REVIEW: ‘Spider-Man: No Way Home’

It deserves all the wild success it will generate. But it won’t save the dying cinema.

John Podhoretz • December 17, 2021 1:45 pm

Spider-Man: No Way Home isn’t going to save moviegoing, because I’m not sure anything can, but it sure makes one hell of an effort. After the horrendous misfire that was Eternals, Marvel has not only returned to form but has made its most dynamic and unexpected picture since Guardians of the Galaxy in 2014. It will make more money than any movie has made in years. It will remind millions upon millions of viewers just how transporting a big-screen experience will be. The problem is it will only help continue to generate audiences for movies like it. The audiences for all other fare have been raptured to Streaming Heaven and will not be returning.

If such movies were all as good as No Way Home, then this would be an acceptable cultural evolution. But they won’t be. But unlike others who seem to find fault with the fact that Marvel mostly makes the best possible movies it can make with the source material it has, and therefore respects and serves its audience in the best way possible, I am not going to blame the Marvel movie and its ilk for the death of the kind of moviegoing I’ve been enjoying for half a century.

No Way Home is so sprightly and imaginative that you can easily get past the fact its plot assumes quite a bit of knowledge of the characters and situations in Spider-Man movies made before the debut of the iPhone. That was also before the creation of the Marvel Cinematic Universe in 2008, to which Tom Holland’s Spider-Man was a surprising and wildly welcome late addition in 2016 after a long and actually fascinating negotiation over rights to the character.

Sure, it’s better if you know or can remember, but if you don’t or can’t, you can still relish the fantastic acting chops of Alfred Molina, Willem Dafoe, and Thomas Haden Church—villains from back in the Tobey Maguire Spider-Man days, all of whom seem not to have aged a minute (either that, or Marvel spent an astounding amount of money on the de-aging machine to make them look young-ish). They make up most of the delightful cascade of people from other movies that come joyously stomping through this one.

I am not going to say a word about the plot or its revelations. I am going to tell you that, once again, what Kevin Feige (the mastermind of the Marvel Cinematic Universe) knows better than anyone ever has is that the word “comic” appears in the phrase “comic book” for a reason. It’s funny. It’s really, really funny. The conversations between Spider-Man and Doctor Strange (Benedict Cumberbatch) are funny. The conversations among the villains are funny. And there are later conversations between characters that transcend mere funniness and achieve an almost sublime perfection.

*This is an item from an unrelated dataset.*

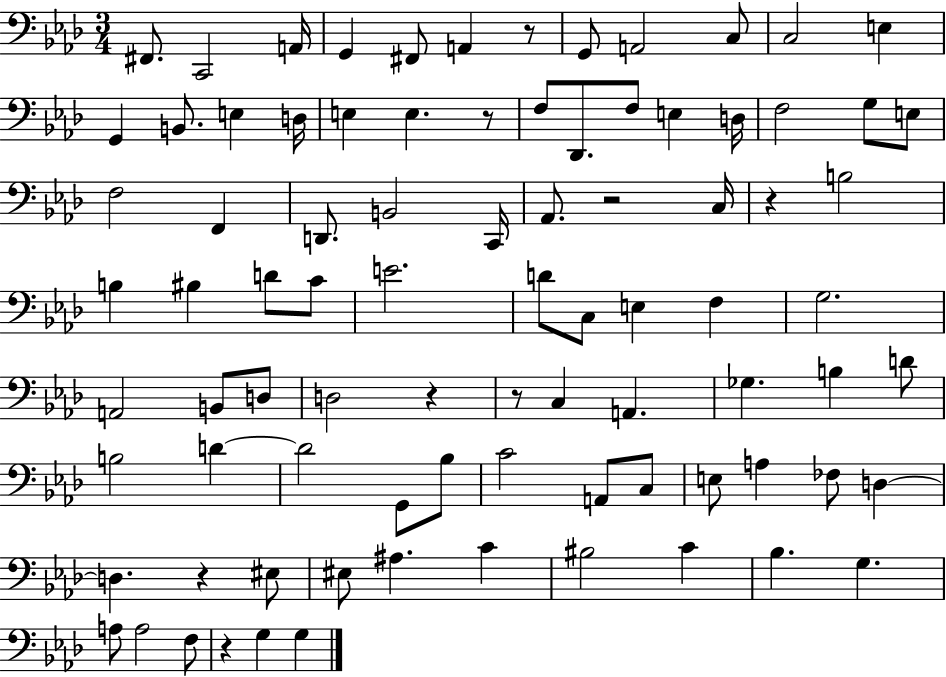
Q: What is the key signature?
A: AES major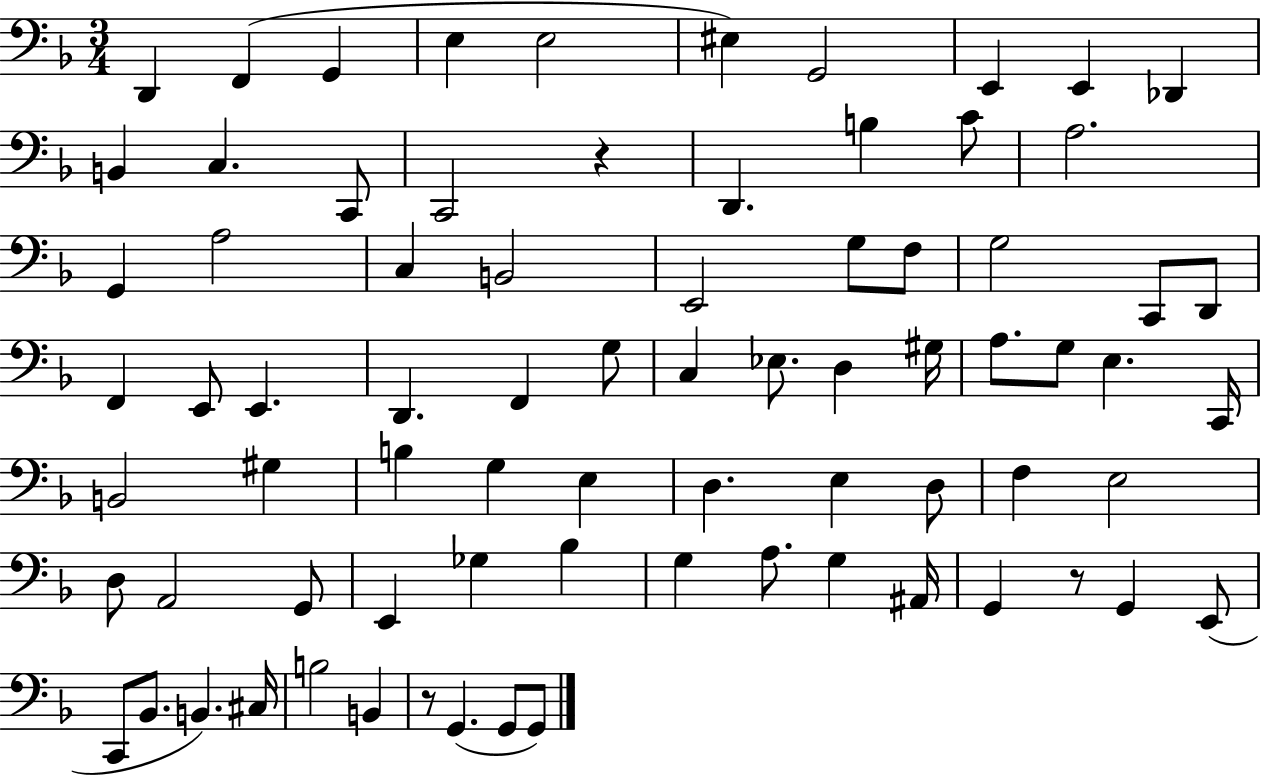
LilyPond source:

The fact that the highlights of this movie, and of many Marvel movies, come when the characters just stop for a few minutes and talk to each other helps explain their overall indelible appeal. Even its setup is funny. This movie is actually about the universe-destroying lengths Peter Parker will go to in a desperate effort to get his girlfriend MJ and his buddy Ned into MIT. They are all high-school seniors, and trust me, as someone whose kid is a high-school senior, the idea that the fate of the universe is in the hands of admissions officers at fancy colleges is not science-fictional at all.

By keeping the stakes at this almost pathetic human scale and focusing almost all the movie’s emotional action around this youthful triumvirate, director Jon Watts and screenwriters Chris McKenna and Erik Sommers establish a solid basis as the movie’s storyline just goes cuckoo-for-Cocoa-Puffs in a wildly imaginative way.

So this movie will make a billion dollars and West Side Story will be lucky to make $50 million. The point is they’re both wonderful. And once upon a time, West Side Story would have made more money than Spider-Man: No Way Home rather than eating its dust. But there is no mass audience for West Side Story any longer. There’s no mass audience for anything outside of the spectacle picture any longer, and it’s not just the pandemic that’s caused this. It’s been the trend for two decades, and COVID finally solidified it into a permanent reality.

The cinema as we’ve known it for a century is all but dead. We should take it as something of a relief that what little remains can be as good as Spider-Man: No Way Home.